On Thu, Jun 18, 2009 at 3:01 PM, Shehjar Tikoo <shehjart at gluster.com> wrote:

> Raghavendra G wrote:
>
>> While this fixes the double free, The actual fix has to copy the buffer
>> into an ioq_entry, instead of just storing the buffer pointer. If not, there
>> can be cases wherein by the time the ioq_entry is written to socket, the
>> buffer might've already been freed.
>>
>
> Yup. I hadnt seen your reply to the bug report when I sent this patch.
>
> Thanks
> Shehjar
>
>
>> On Thu, Jun 18, 2009 at 2:36 PM, Shehjar Tikoo <shehjart at gluster.com<mailto:
>> shehjart at gluster.com>> wrote:
>>
>>    I think I understand why you see the crash.

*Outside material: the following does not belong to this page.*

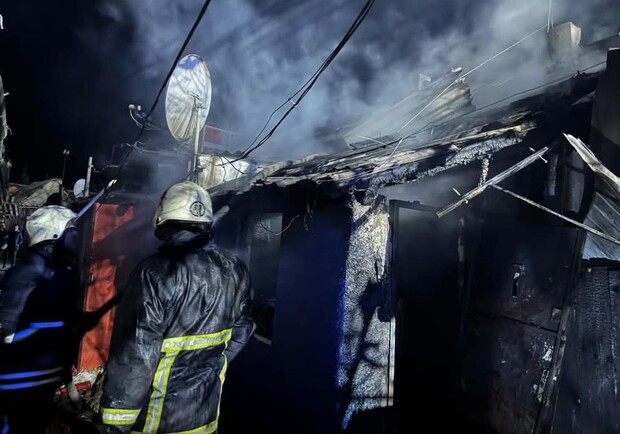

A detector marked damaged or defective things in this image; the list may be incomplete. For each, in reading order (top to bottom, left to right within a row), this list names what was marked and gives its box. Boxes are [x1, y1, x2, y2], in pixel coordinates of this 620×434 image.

burned roof [208, 69, 600, 197]
broken roof plank [436, 146, 548, 219]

>>    Could you please apply the following patch and tell
>>    us if the crash is observed still?
>>
>>    Thanks
>>    Shehjar
>>
>>
>>
>>
>>    Mihai wrote:
>>
>>        Hello,
>>        I'm using a server side replication on 6 servers. Glusterfsd
>>        crashes on a few hour basis:
>>        gdb -se /usr/sbin/glusterfsd -c /core.26947 GNU gdb Fedora
>>        (6.8-27.el5) Copyright (C) 2008 Free Software Foundation, Inc.
>>        License GPLv3+: GNU GPL version 3 or later
>>        <http://gnu.org/licenses/gpl.html>
>>        This is free software: you are free to change and redistribute it.
>>        There is NO WARRANTY, to the extent permitted by law.  Type
>>        "show copying"
>>        and "show warranty" for details.
>>        This GDB was configured as "x86_64-redhat-linux-gnu"...
>>        (no debugging symbols found)
>>
>>        warning: .dynamic section for "/usr/lib64/libglusterfs.so.0" is
>>        not at the expected address
>>
>>        warning: difference appears to be caused by prelink, adjusting
>>        expectations Reading symbols from
>>        /usr/lib64/libglusterfs.so.0...done.
>>        Loaded symbols for /usr/lib64/libglusterfs.so.0 Reading symbols
>>        from /lib64/libdl.so.2...done.
>>        Loaded symbols for /lib64/libdl.so.2
>>        Reading symbols from /lib64/libpthread.so.0...done.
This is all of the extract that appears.